Wenn du diese Zeilen liest, auf einem schicken MacBook oder Smartphone, kannst du dich glücklich schätzen: Du bist ein Gewinner! 

Allein, dass du in deutscher Sprache lesen kannst, Zeit hast und Interesse für etwas ausgefallenere Themen aufbringst, macht dich zum Mitglied eines überaus privilegierten Clubs: Du bist einer der Gewinner der Eizellen-Lotterie!

Ein Gedankenexperiment

Die Idee der Eizellen-Lotterie geht zurück auf den Harvard Philosophen John Rawls,  richtig bekannt wurde sie jedoch durch Warren Buffet. 

Er sagt: Stell dir vor, du könntest die Regeln der Gesellschaft bestimmen, in die du hineingeboren werden wirst. Die sollen dann für dich, deine Kinder und deine Enkel gelten. Außer diesen Regeln kannst du allerdings nichts bestimmen.

Dabei kommt Buffett zu dem Schluß, dass es wohl jeder vorziehen würden in ein System geboren zu werden, das alle Menschen gleich behandelt. Ohne Ansehen von Geschlecht, Rasse, Intelligenz und Gesundheit. 

Für uns ist dies keine Hypothese, sondern Realität. Wir wurden (wahrscheinlich) allesamt in hoch entwickelten und freiheitlichen Ländern geboren. 

In unserer Gesellschaft macht es zwar durchaus einen Unterschied, ob du mit einem IQ von 67 oder 133 auf die Welt gekommen bist. Doch auch ein Minderbegabter wird ein menschenwürdiges Dasein führen können, anstatt als Bettler auf der Straße verspottet zu werden.

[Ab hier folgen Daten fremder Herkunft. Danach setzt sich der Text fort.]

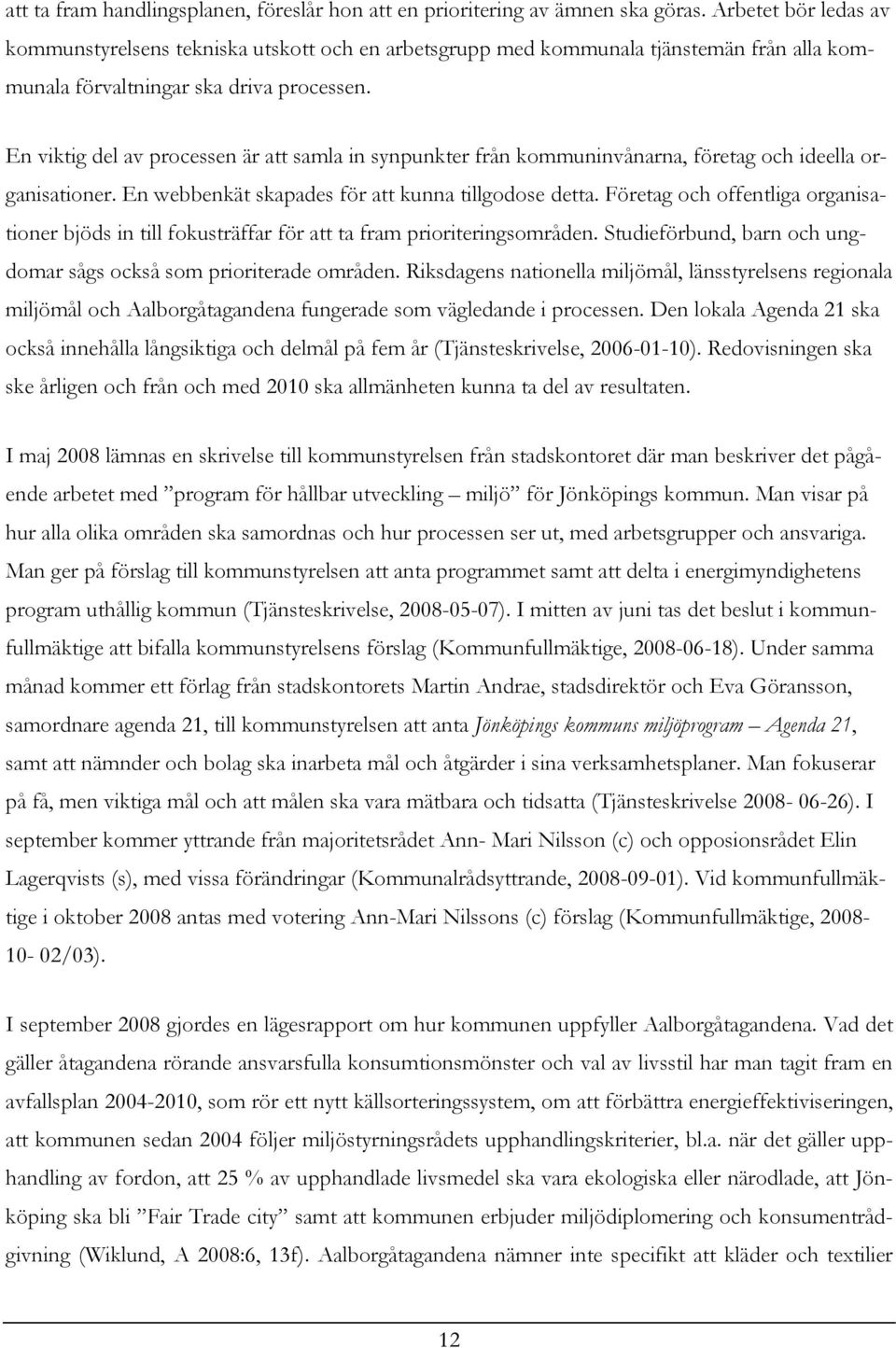 En viktig del av processen är att samla in synpunkter från kommuninvånarna, företag och ideella organisationer. En webbenkät skapades för att kunna tillgodose detta.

Du hast ein unverschämtes Glück gehabt!

Das ist für uns so selbstverständlich, dass wir gar nicht erst groß darüber nachdenken. Wir können uns gar nicht vorstellen, was es bedeutet als Frau in Afghanistan oder Somalia geboren zu sein, oder welches Leben die Unberührbaren in Indien führen. Müssen wir auch nicht, denn wir hatten eben allesamt das unverschämte Glück nicht dort geboren zu sein.

Man muß sich das in Zahlen vergegenwärtigen: Im Augenblick leben rund 6% aller Menschen, die im Laufe der gesamten Menschheitsgeschichte von rund 300.000 Jahren geboren wurden. Deine Chance als Höhlenmensch, Zwangsarbeiter im alten Ägypten, türkischer Galeerensklave, oder Prostituierte in Bombay geboren worden zu sein, beträgt also 94%. 

Doch damit nicht genug, die Chance in einem mehr oder weniger freien und wohlhabenden Land geboren worden zu sein, beträgt wiederum nur rund 10%. 

Die Gesamtwahrscheinlichkeit für unsere glückliche Geburt liegt mithin bei ganzen 0,6%. 

Daran sollten wir denken, wenn uns unser Schicksal mal wieder unerträglich hart vorkommt, an kalten grauen Tagen. Es hätte alles viel, viel schlimmer kommen können! 

Die gute alte Kinderstube

Nur im richtigen Land geboren zu sein, ist jedoch bestenfalls die halbe Miete. Innerhalb dieser Länder kommt es auch noch sehr auf die richtige Postleitzahl an. Darauf, wo dein Elternhaus steht und natürlich auch wer deine Eltern sind.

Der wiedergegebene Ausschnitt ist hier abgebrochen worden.